> _What you have to do_:
Pictures in the listing should not be copied. Reproduce, word for word, each line from the one holding "Leadinfo-Soft Black" through the final line.

□ □ □ □ □

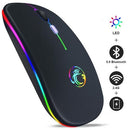Mouse Led sem Fio Recarregável IMice - Wippas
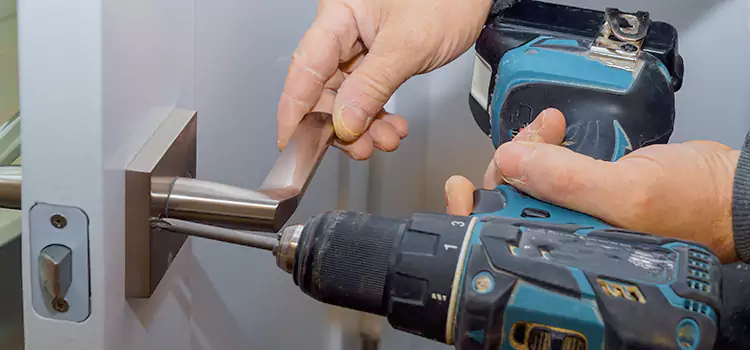 Security Door Lock Installation Derby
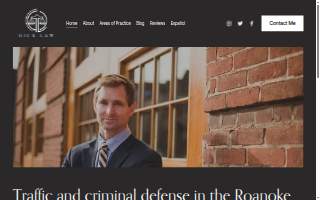 Gick Law, PLLC of Cave Spring website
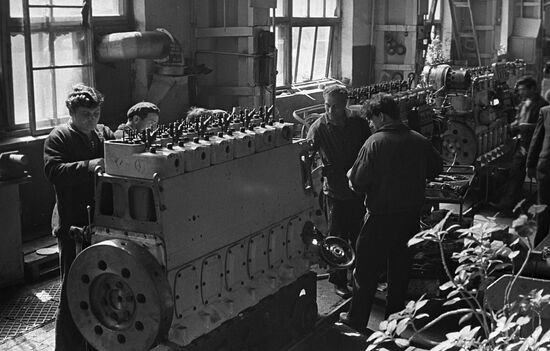 Daldizel Plant in Khabarovsk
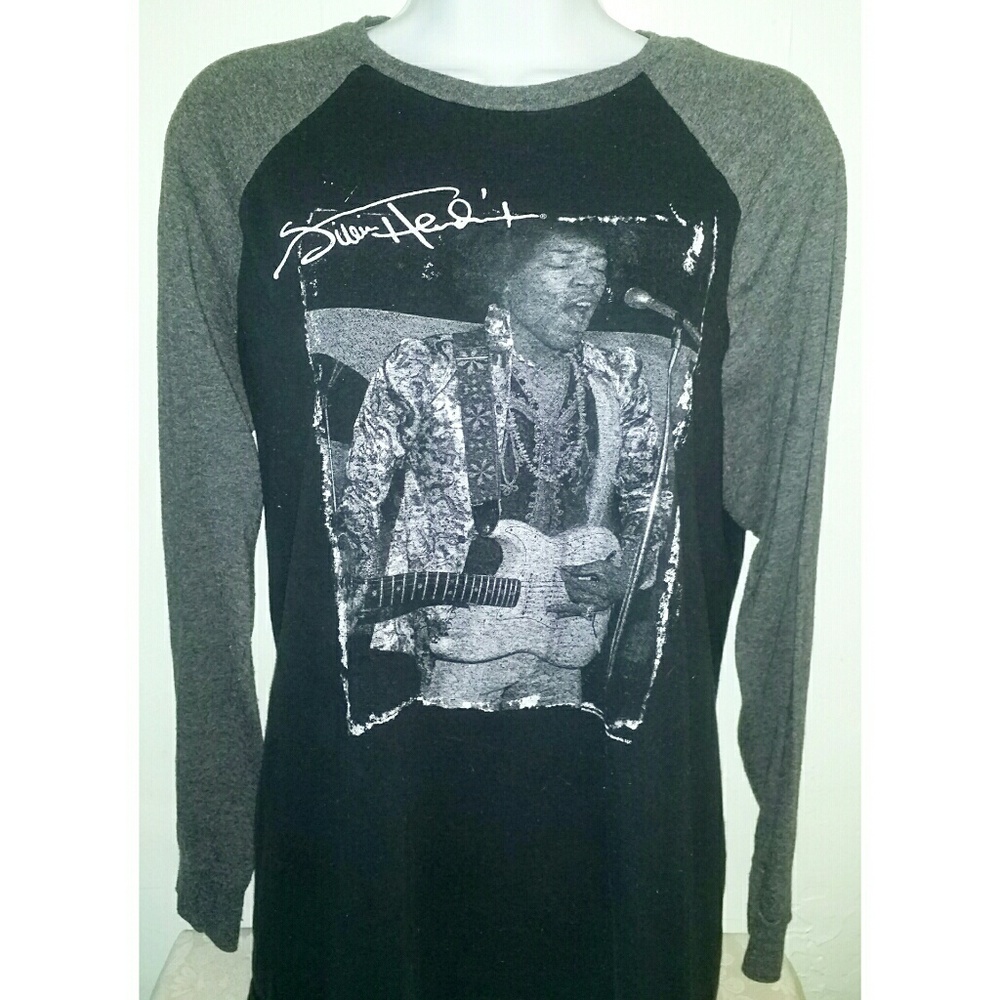 Jimmy Hendrix Authentic T shirt
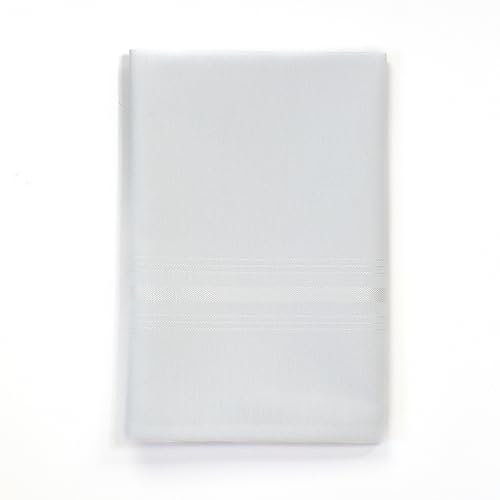 Servilletas de Tela Rectangulares Blancas Set x4 miniatura 3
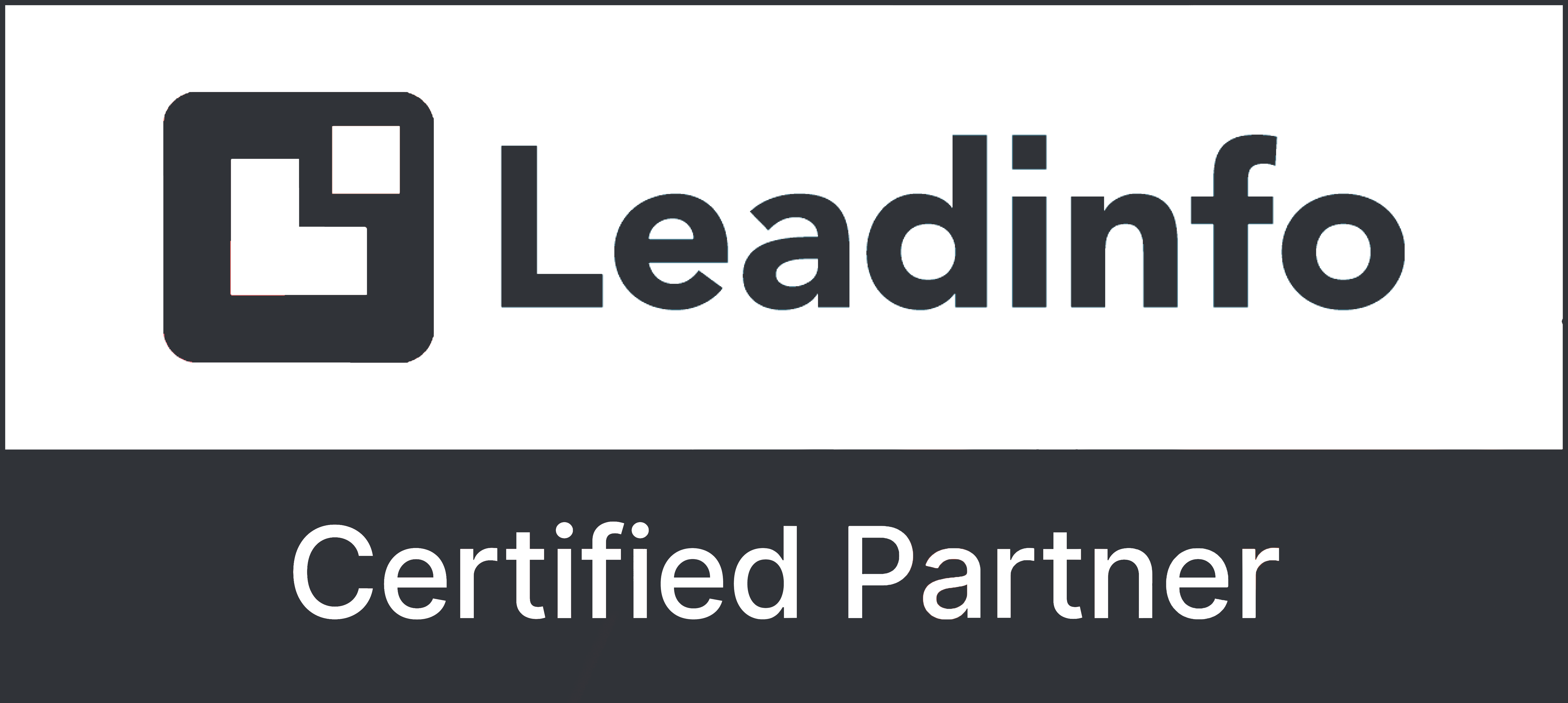 Leadinfo-Soft Black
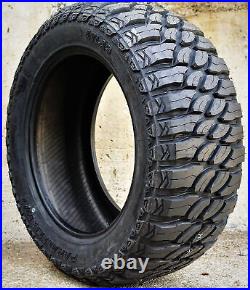 4 Tires Atlas Paraller M/T LT 37X13.50R22 Load F 12 Ply MT Mud Tire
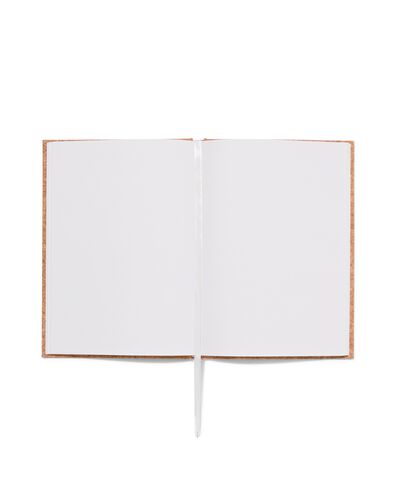 notitieboek A5 blanco met kurk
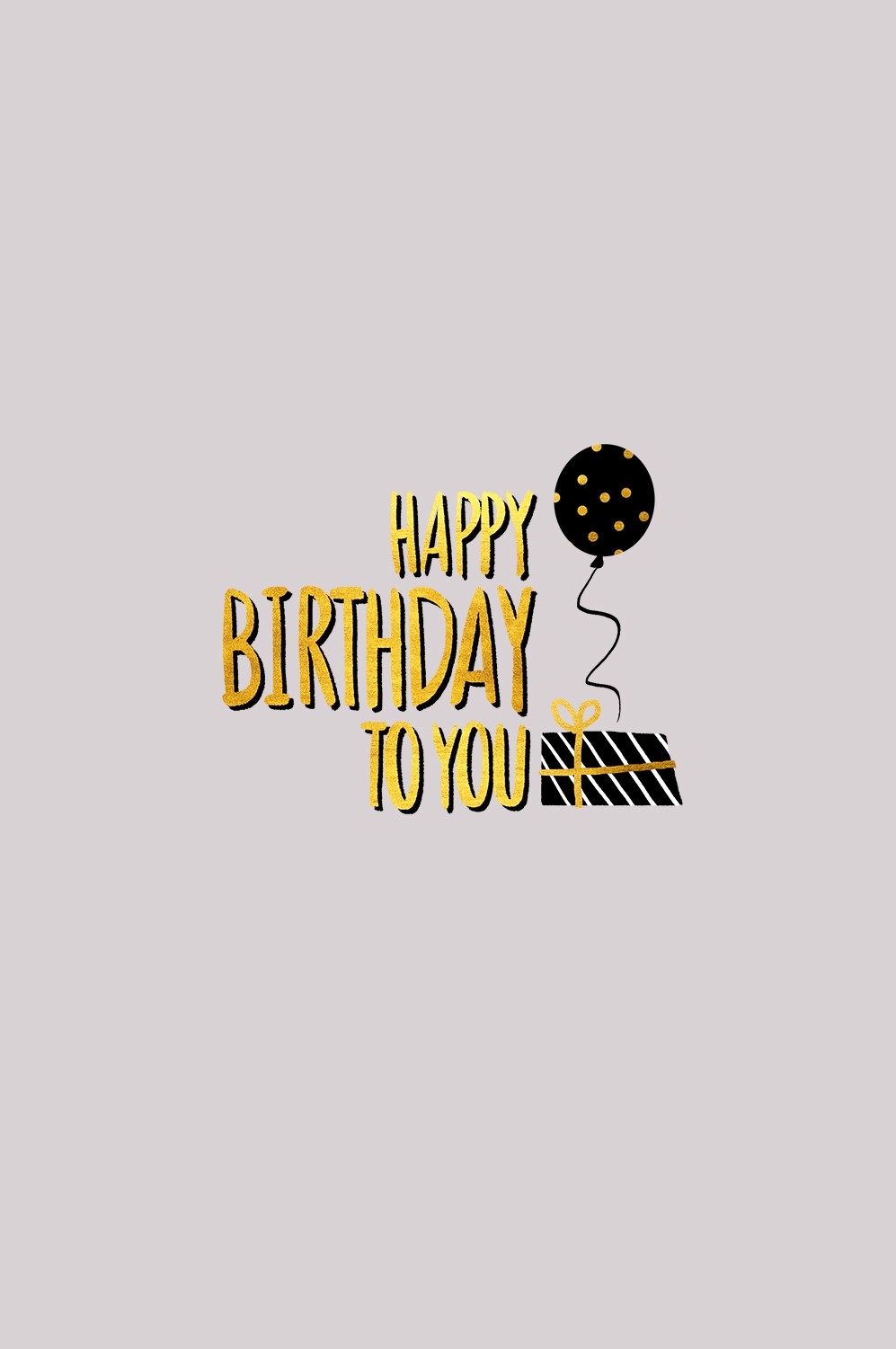 金色生日气球生日帽免抠元素37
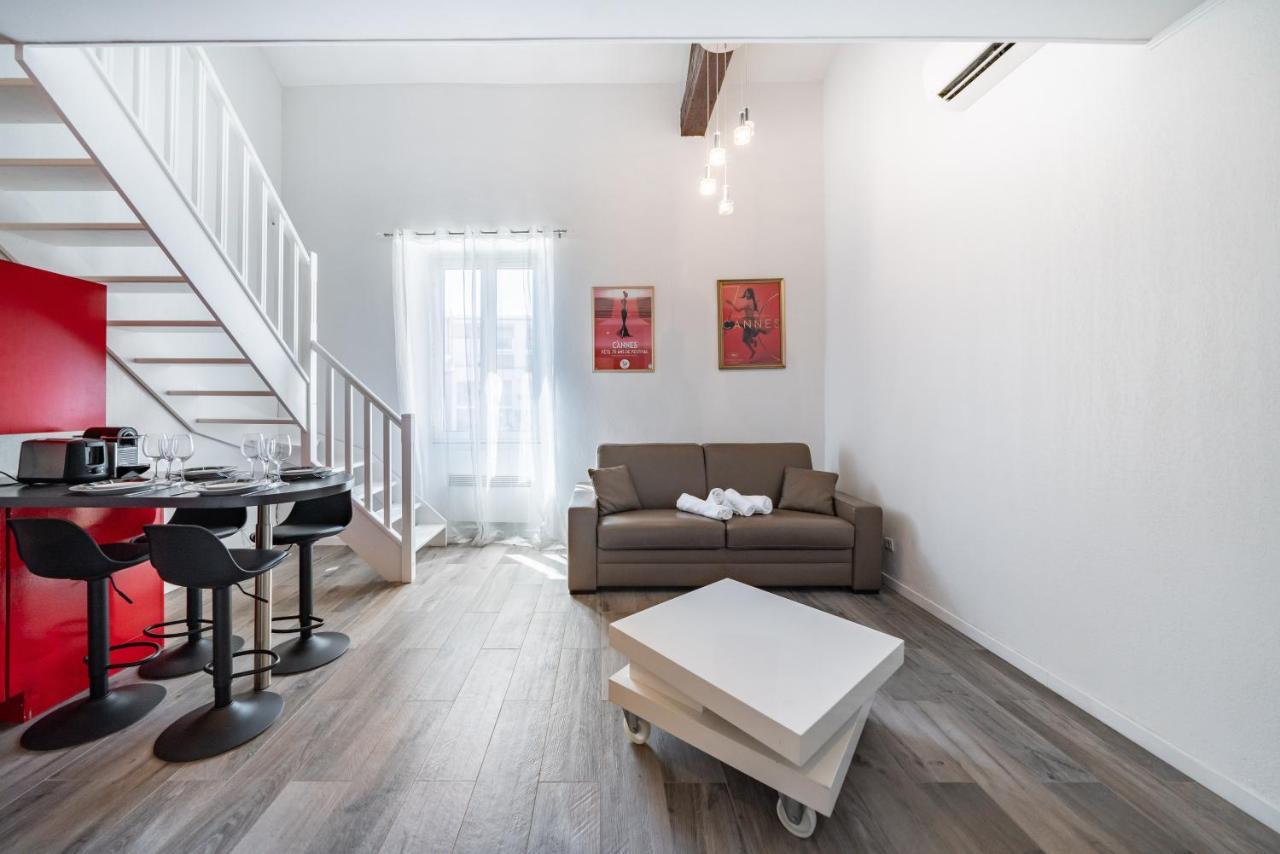 Ferienwohnung Hypercentre - Palais - Croisette - Suquet - Ay Cannes Exterior foto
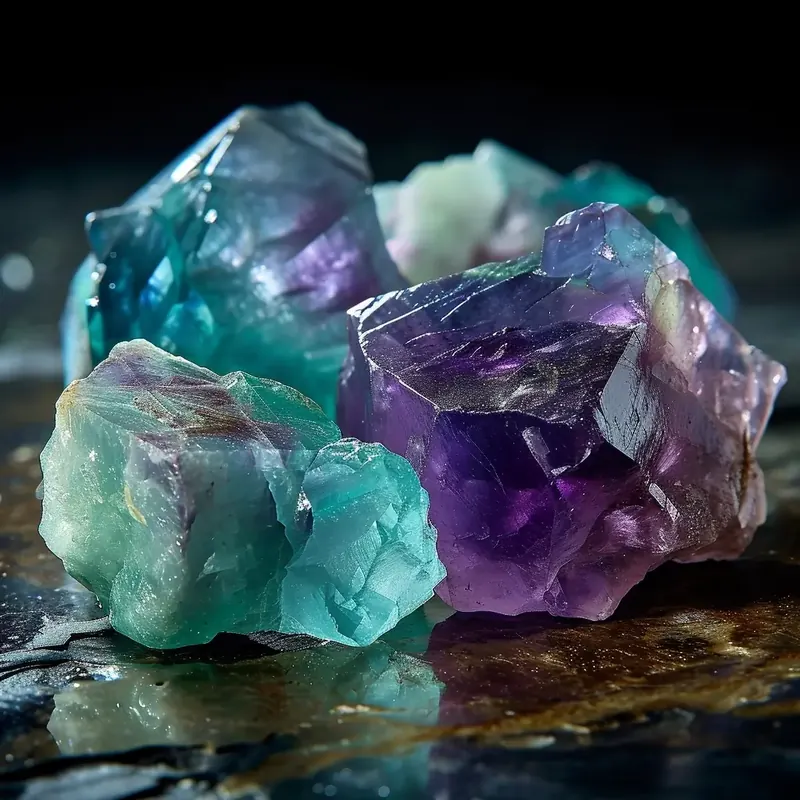 Fluorite crystal pisces zodiac stones savannah georgia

□ □ □ □ □

> _Solution_:
 Leadinfo-Soft Black
 4 Tires Atlas Paraller M/T LT 37X13.50R22 Load F 12 Ply MT Mud Tire
 notitieboek A5 blanco met kurk
 金色生日气球生日帽免抠元素37
 Ferienwohnung Hypercentre - Palais - Croisette - Suquet - Ay Cannes Exterior foto
 Fluorite crystal pisces zodiac stones savannah georgia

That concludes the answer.